Ci intersecammo quando Carabba dirigeva l’ISPE, l’Istituto della programmazione economica mentre io ancora militavo nel PCI dove rimasi fino a metà degli anni ’80. Me ne distaccai perché Berlinguer scelse di mettere al primo posto della politica comunista la “questione morale” dopo il fallimento dei governi di solidarietà nazionale sostenuti dal PCI. Chi ha assorbito la lezione de Il Principe di Machiavelli, sa bene che privilegiare la morale impedisce alla politica di esprimersi compiutamente.
Il meridionalismo del dopoguerra fu costellato di personaggi intellettualmente assai solidi: a sinistra, ex comunisti e ancora comunisti, da Rossi Doria a Sereni, da Amendola a Di Vittorio, socialisti come Morandi, al centro cattolici come Saraceno, Scardaccione e Pescatore ma non va trascurato Emilio Colombo che in Basilicata allevò un gruppo di giovani competenti anche nell’amministrazione locale (la Basilicata è stato un lascito di buon governo della DC, forse il migliore sopravvissuto nel Mezzogiorno). Tra i comunisti come non ricordare Pio La Torre, eccellente e indomito combattente siciliano che negli anni ’70 fu responsabile per il Mezzogiorno nella direzione nazionale del PCI? Nel 1982 La Torre fu barbaramente trucidato a Palermo dalla mafia insieme col suo autista e guardia del corpo, il compagno Rosario Di Salvo. Nel 1976 La Torre aveva partecipato alla cerimonia d’insediamento del nuovo Consiglio di amministrazione della Cassa per il Mezzogiorno, di cui i comunisti facevano parte per la prima volta ed io ero tra questi.

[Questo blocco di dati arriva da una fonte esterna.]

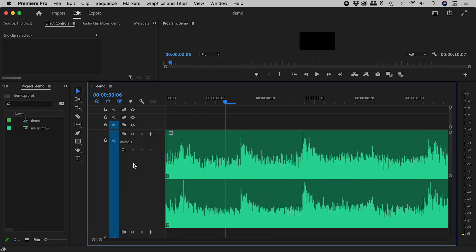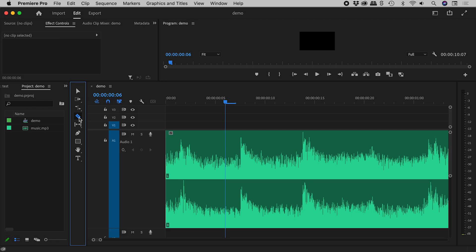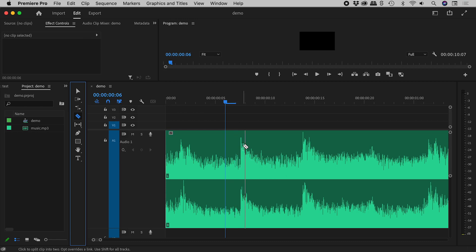Pressing the plus key, I'm now fully zoomed in on the audio. Let's grab the razor tool. Now I want to make a cut just here, but it's only allowing me to cut here or here.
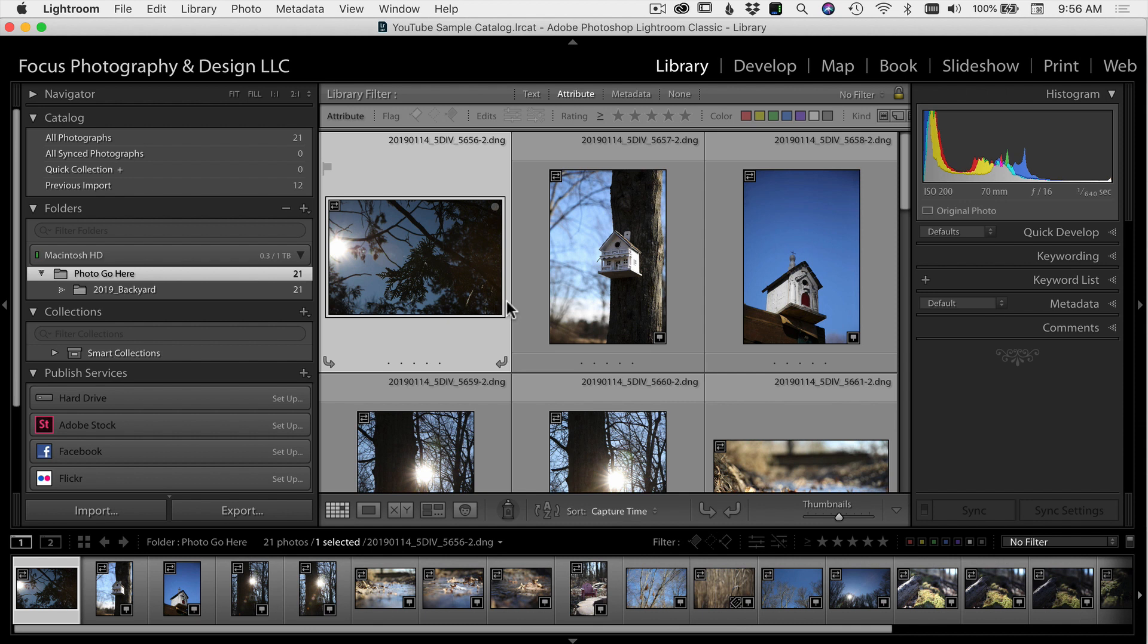Not every image is going to be great, so we just want to pull out the keepers, the best images, the best of the best. I'm going to select my first photo and decide, do I want to keep it and edit it? Do I want to just leave it alone and not touch it? I'm not sure. Or is it definitely no good? I don't want to use it.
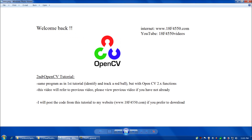Hello again everybody and welcome back. This is going to be the second video in the OpenCV video tutorial series. In this video, we're going to redo the same program as in the first tutorial, which will identify and track a red ball, but here we're going to use the OpenCV2 functions, which are written in C++ and are object-oriented. This video is going to refer to the previous video and build on the knowledge from the first video, so if you haven't had a chance to watch that, I'd suggest going back and checking it out first.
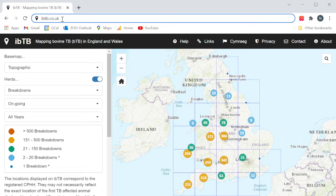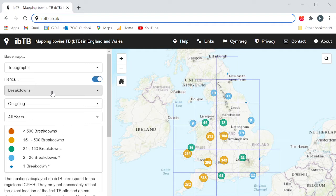From January 2022, in addition to the breakdown view which displays only data on current and past BTB breakdowns, iBTB will now display the number of years herds in England have been clear of TB. It should be noted that this means all herds will be potentially viewable within iBTB, including herds that have never had a breakdown.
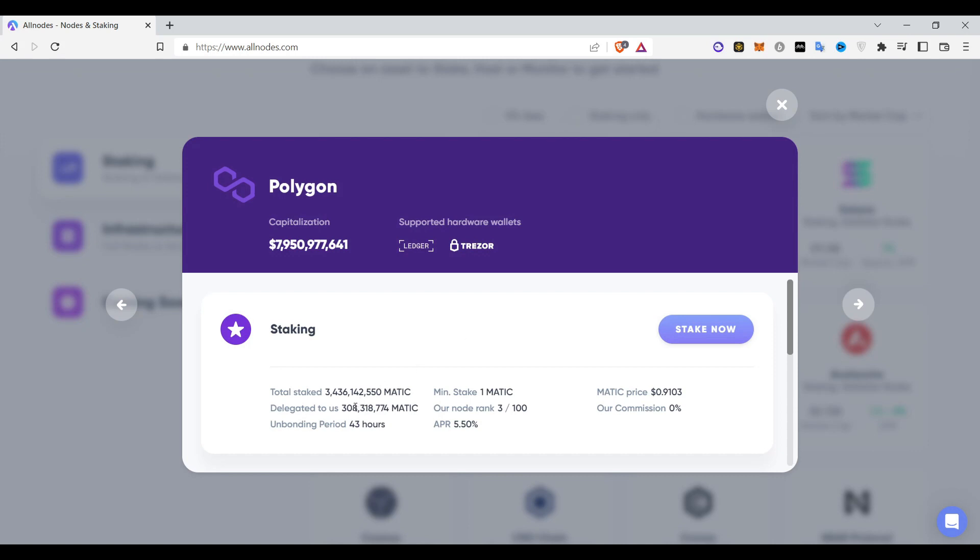You just need to stake your Polygon tokens and the unbonding period, which means your limited option, means that you cannot unstake it for 43 hours. That is around 1.5 days, which means it's not even 2 days, only 43 hours you have to wait to unstake it.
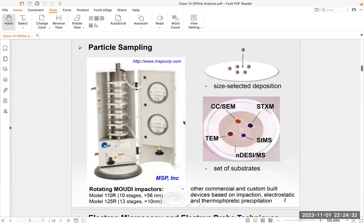For particle sampling, if you just use one stage of an impactor, it can only provide an ensemble of particles without size information. People use cascade impactors quite a lot for offline particle analysis, as they provide particle samples in different size bins. One specific type is the MOUDI impactor, which contains multiple stages, going down to around 10 nanometers and covering sizes up to two or three micrometers. This is also a TSI instrument. After particles are collected onto different stages, we can subject the aerosol samples to different types of offline analysis.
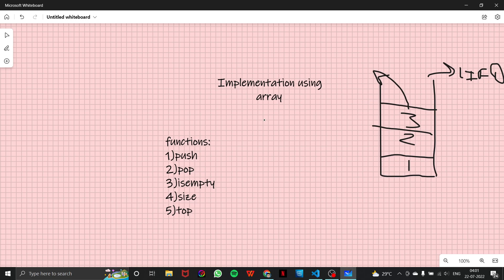Now, how to implement a stack using an array — that's what we have to study. The basic functions of a stack are push, pop, isEmpty, size, and top. Push basically pushes an element into the stack. Pop pops the top element. isEmpty tells whether the stack is empty or not. Size tells the size of the stack, and top gives you the top element of the stack.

Manin Carabba ha scelto come sopratitolo del suo libro “I miei mulini a vento” per dire che il suo impegno per il Mezzogiorno è stato un’impresa donchisciottesca. E che dire allora dell’impegno dei comunisti, stretti nella guerra fredda tra il Patto Atlantico e il Patto di Varsavia, sempre in guardia dai pericoli di colpi di Stato, messi al bando e congelati sui posti di lavoro? Altro che mulini al vento. Eravamo autentici kamikaze.
Il libro di Manin Carabba invita ad alcune riflessioni sul futuro del Mezzogiorno. Chiediamoci: perché la politica meridionalista oggi è in crisi? Quali sono i suoi fattori di debolezza?

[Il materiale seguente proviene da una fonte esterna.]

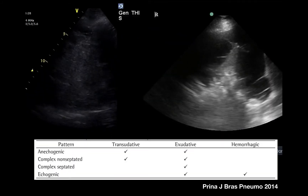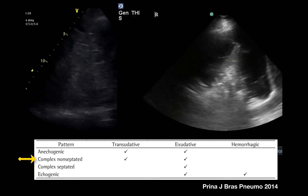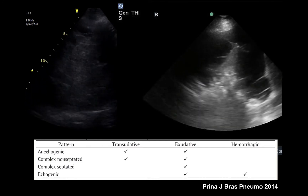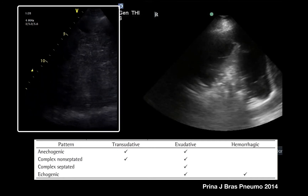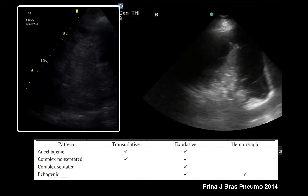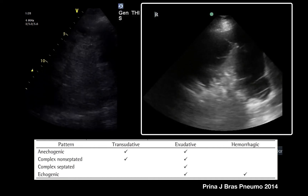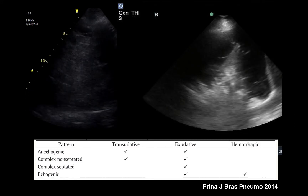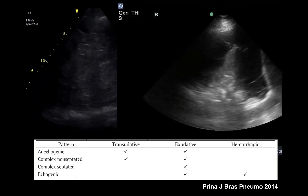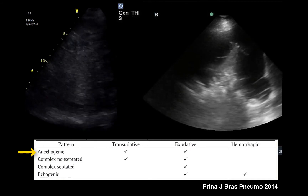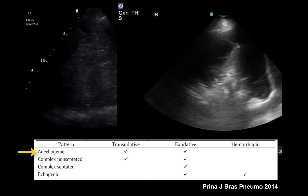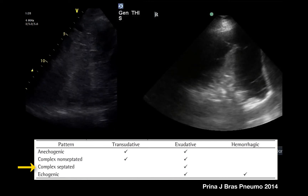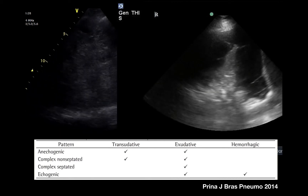There are four major patterns of effusion based on their echogenicity: an anechogenic pattern, a complex non-septated pattern, a complex septated pattern, and an echogenic pattern. On the left, an echogenic structure likely represents a hemorrhagic pleural effusion. On the right, a complex septated or non-septated pattern is shown. These patterns can help guide you to the etiology — an anechoic pattern will most likely be transudative, while a complex septated or echogenic pattern usually represents an exudative or hemorrhagic pattern. This must be interpreted in clinical context; a patient with fever and such an image warrants sampling to rule out an infected collection.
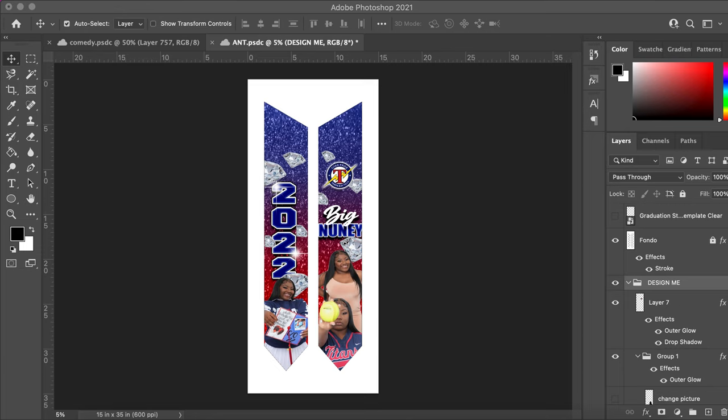Hello everyone, this is going to be a video on how to edit the template that I use. If you found this video, it's more than likely because you're using a template that I have or you came across it.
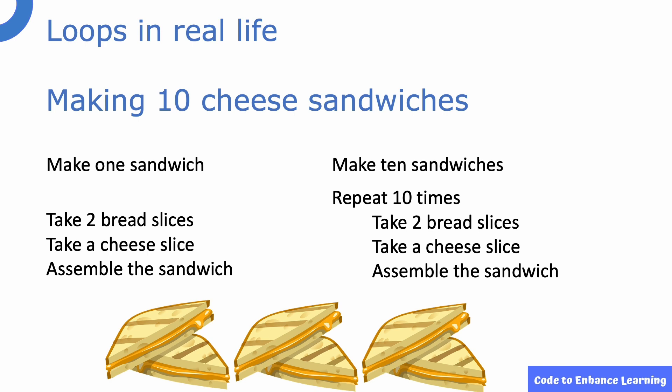Here too, we are using the concept of loops which helps us to easily repeat the steps 10 times without rewriting the code. Let us now look at how loops are used in our program.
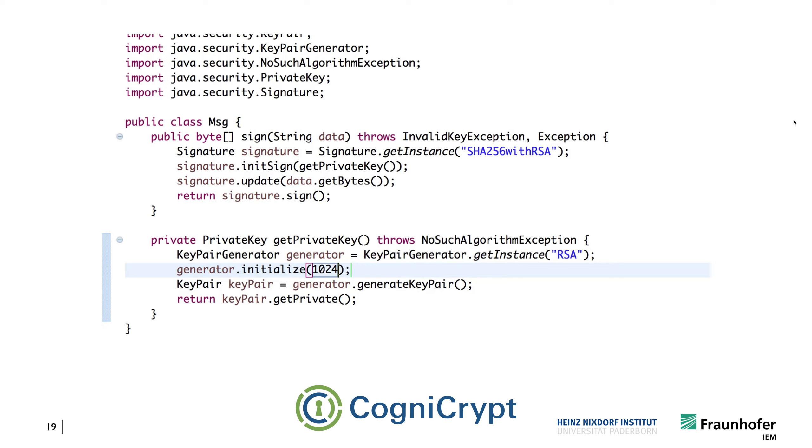And this would now be, at least back at the time when we recorded this video, a secure configuration that we consider to be secure. There are now actually recommendations that you should be using larger key sizes even for RSA. But this is something that can be easily updated by just changing a single line in the CrySL specification. And in fact, we have just had a student thesis a few months ago, where we looked into implementing a service that would keep these things up to date for you automatically.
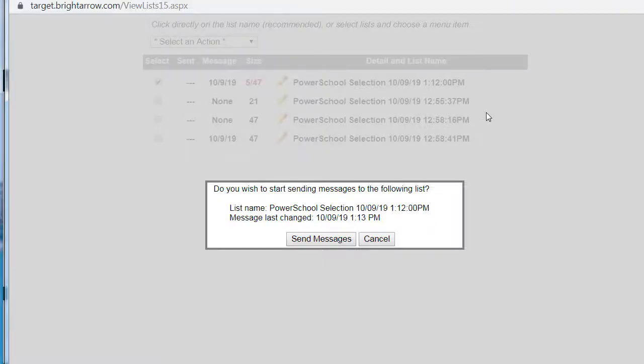You will be prompted with this confirmation message asking if you'd like to send it. If you're ready to send the message, click on Send Messages.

Scartiamo la spiegazione facile della congiura dell’egoismo che muoverebbe l’Italia forte contro l’Italia debole, la popolazione agiata del Nord contro i poveri del Sud. Un’eco di questa tesi è nella mozione presentata dal Movimento 5 Stelle al Consiglio regionale della Puglia e approvata da quel consesso a fine estate scorsa con la proclamazione di una Giornata della memoria, per ricordare la fine dell’indipendenza del Regno delle Due Sicilie nel 1860.

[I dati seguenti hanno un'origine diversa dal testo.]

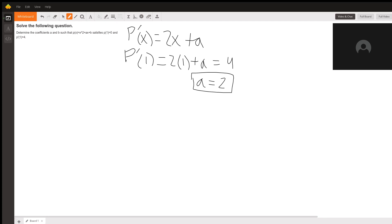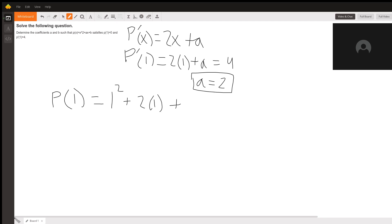Going back to the original function, we know p(1) = 0, so 1² + a(1) + b = 0, which gives 1 + 2 + b = 0. Solving for b, we get b = -3, since 1 + 2 - 3 = 0.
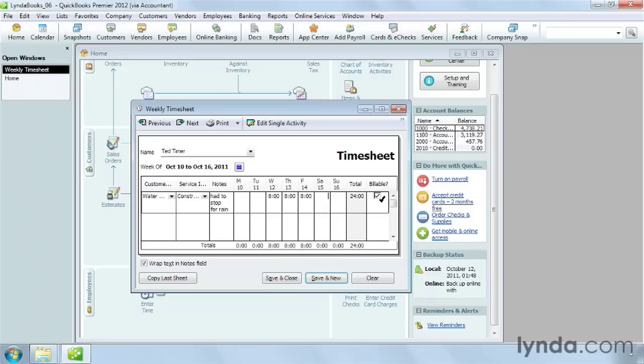If the time is billable, leave the billable checkbox on. You have to fill in a separate row for each combination of customer, job, and service item. If the worker performs work for the same customers and service items, you can quickly copy a previous timesheet so you don't have to fill in all those fields.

I motivi dell’emarginazione attuale del Sud nel contesto della Nazione italiana a mio avviso sono altri, tra cui questi:
a) la globalizzazione dei mercati internazionali ha proiettato l’Italia alla periferia del mondo industrializzato riducendo i fattori d’attrazione di forze produttive esterne che il Mezzogiorno storicamente ha sempre presentato (abbondanza di forza lavoro, risorse della natura),
b) il decentramento produttivo dal Nord al Sud è divenuto prevalentemente passivo, non ha attivato un diffuso ceto imprenditoriale locale,
c) il settore pubblico cresciuto nel Mezzogiorno all’ombra delle autonomie locali (Regioni e Comuni) chiamate a gestire il welfare e le infrastrutture è prevalentemente governato da un ceto politico rapace, clientelare e dinastico, persone che non hanno visione né programmi realistici da proporre alla popolazione. Sono poche le eccezioni come il governo della Puglia e della piccola Basilicata.
d) il parassitismo sociale e la diffusa corruzione allentano i legami di solidarietà interregionale, del Nord verso il Sud, e rendono il Mezzogiorno un fattore di costo più che un mercato di sbocco dei prodotti dell’Italia ricca. Il Nord commercia sempre più con altri territori europei e del resto del mondo, non ha interesse per le vicende politico-sociali del Sud e non intende sostenere i consumi dei meridionali trasferendo risorse pubbliche in quelle regioni,
e) è tale l’apatia e la mancanza d’iniziativa del ceto politico meridionale che non ha colto l’occasione dei referendum organizzati dai veneti e dai lombardi per sollecitare la nuova suddivisione di competenze nelle materie da governare tra lo Stato e le autonomie locali.
Debole è l’attrazione che porterebbe i giovani meridionali ad impegnarsi nella milizia politica e nell’accesso alle cariche elettive. Più forte è il coinvolgimento in opere sociali, nel terzo settore, nelle attività non profittevoli. Le istituzioni controllate da boss politici e condizionate dalla malavita erigono mura che impediscono la piena manifestazione delle energie diffuse nel popolo meridionale.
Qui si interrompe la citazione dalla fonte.